Sovereignty is a very important principle. Unfortunately, sovereignty also doesn’t stop people from doing stupid things: For example, clobber one of your popular young MPs to a pulp and then drag him to court on fake treason charges. It also doesn’t stop MPs from doing irresponsible things, like wail for personal chefs and massages when they have already awarded themselves remunerations that are wildly out of sync with overall income levels in the country.
So I have little time for the MPs currently wailing about the IMF. The IMF is a distraction. Of course Kenya is a sovereign nation, so if you think the country doesn’t need the IMF, then why even bother talking about the fund? I suspect many don’t quite understand the role of the IMF: It is, very simply speaking, a lender of last resort.
This means when either everything has gone wrong or (importantly!) you’ve done lots of things wrong, and there is no other resort, you turn to the IMF. That was also the arrangement back in the 1980s when the IMF rolled out its now infamous structural adjustment programmes (SAP). Nobody went to the IMF for fun – you turn to the fund because you have a balance of payment crisis. If everything is fine, you don’t need them.
If your profligate nephew comes to you broke and asks to borrow cash, you might consider doing so on the basis of him agreeing to a few things he should or shouldn’t do to ensure you get your money back. Do you know for sure that that your recommendations are right and will work? On the other hand, if the nephew is profligate and broke, can he really argue with the conditions you impose even if he thinks they might not help?
What Kenya’s Treasury was discussing with the IMF was an emergency overdraft. This is a voluntary agreement and of course Kenya can turn away from this.

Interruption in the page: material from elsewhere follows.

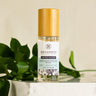 Megan & Co. Sacred Bloom Essence Spritzer with a bamboo cap on layered white marble stones with fresh green leaves at the base.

Several organisations that lent substantial sums to Kenya would quite like this agreement renewed because they feel that their chances of being repaid are better if Kenya has such an overdraft facility in place. Without it, they would charge more interest on future loans because they perceive a higher risk.
Kenya has also been running a substantial fiscal deficit for several years. Of course the government would not need to reintroduce VAT on fuel products if, say, it had found other ways of raising revenues – or if it had simply spent more closely in line with revenue levels. These are sovereign decisions, as was, for example, the decision to borrow several billion dollars for a financially underperforming and, thanks to corruption, wildly overpriced railway.